After I posted this article on line, the San Francisco Examiner published an editorial accompanying it’s endorsements for the November 3, 2015 election on Thursday, October 15, noting that Mayor Lee had refused to meet with the Examiner’s editorial board. The refusal was likely the handiwork of his campaign manager, Bill Barnes.

Its editorial read, in part:

“As a consequence, we lost the opportunity to have a civic argument about how Lee has led this city. Without a well-financed, forceful opponent, Lee has been able to largely ignore his critics and resist calls for dialogue.

One of the most discouraging moments leading up to these endorsements was Lee’s refusal to meet with the Examiner’s editorial board. His campaign declined our request to have Lee talk with us alongside his challengers, noting the mayor was scheduled to debate the others in an Oct. 8 forum sponsored by the League of Women Voters. ‘That forum will be convened by an impartial organization and will be open to the public - we prefer that format,’ his campaign manager offered.

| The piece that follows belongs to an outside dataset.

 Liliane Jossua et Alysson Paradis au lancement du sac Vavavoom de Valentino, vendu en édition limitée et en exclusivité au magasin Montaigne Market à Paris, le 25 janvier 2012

If we at the Examiner are not the favored San Francisco newspaper of the mayor, we can live with that. But it seems a shame that a sitting mayor can get away with being aloof and disengaged with the civic process this election season. Mayor Lee might not have to break a sweat winning reelection, but it’s hard not to feel that without a competitive mayor’s race, without a greater civic dialogue about where we are going and how we intend to get there, The City loses.”

“Aloof and disengaged” is certainly a part of the problem, but this demonstrates just how much hubris has engulfed Mayor Lee.